If you’ve ever had to set up a fresh newsroom dataviz toolchain, you know that one of the most painful parts of the process is getting authorization right. While the Google integration of the Dailygraphics rig is one of its biggest selling points, it’s also a cryptic trudge through OAuth tokens, environment variables, and a constantly changing service console. The need to authorize against a Google account also means that even with aggressive caching, it’s often difficult to use the rig if you’re traveling or on a less-reliable network connection.

Spurred by a summer of travel and relocation, team member Kae Petrin and I decided to take this opportunity to give the rig the ability to work with local data instead of pulling from Sheets. We did so by adding CSV support to its data pipeline based on a new manifest key.

If you want, you can now create graphics templates that never talk to Google at all, just by swapping references to the COPY variable in the HTML layer over to the new CSV object. This also plays nicely with the rig’s synchronization support: large data files can be excluded from source control, synchronized to S3, processed externally, and accessed as local CSV.
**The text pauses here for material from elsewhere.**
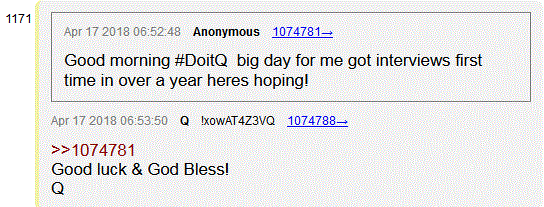 Q Drops 17 April 117110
Hand-in-hand with this functionality, there’s now a new --offline flag for the rig that disables the authentication checks it normally performs. This “airplane mode” will still reach out to the Google Drive API if you load a graphic that includes a "sheet" or "doc" key in its manifest, but it won’t ever redirect you to the “authorize account” screen if your connection drops momentarily, making it a handy option for developers who want a fully local workflow, or who need the rig to just back off a little bit while on the road.
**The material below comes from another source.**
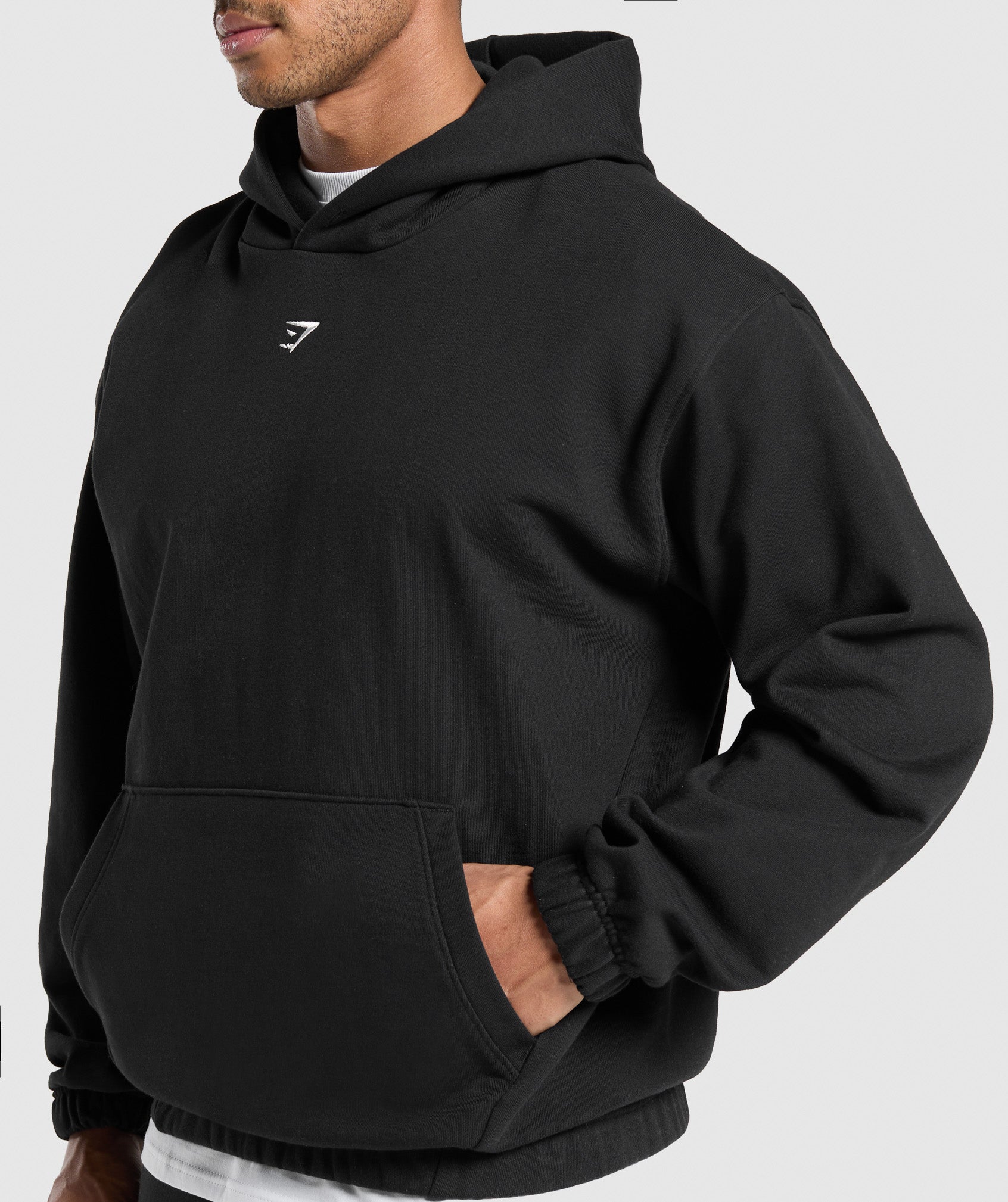 gymshark-rest-day-essentials-hoodie-black-ss25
Join us on the cutting edge (or not)

Do these additions sound interesting to you? If so, feel free to pull from our Dailygraphics fork, which is under active development. However, if you’d prefer a little more vetting, many of these features have already been merged upstream into the main NPR version of the rig, where they’re tested by the team there before being enabled. At the time of this writing, the Rollup bundler and AWS upgrades have been merged in, and Docs support is in a branch undergoing testing.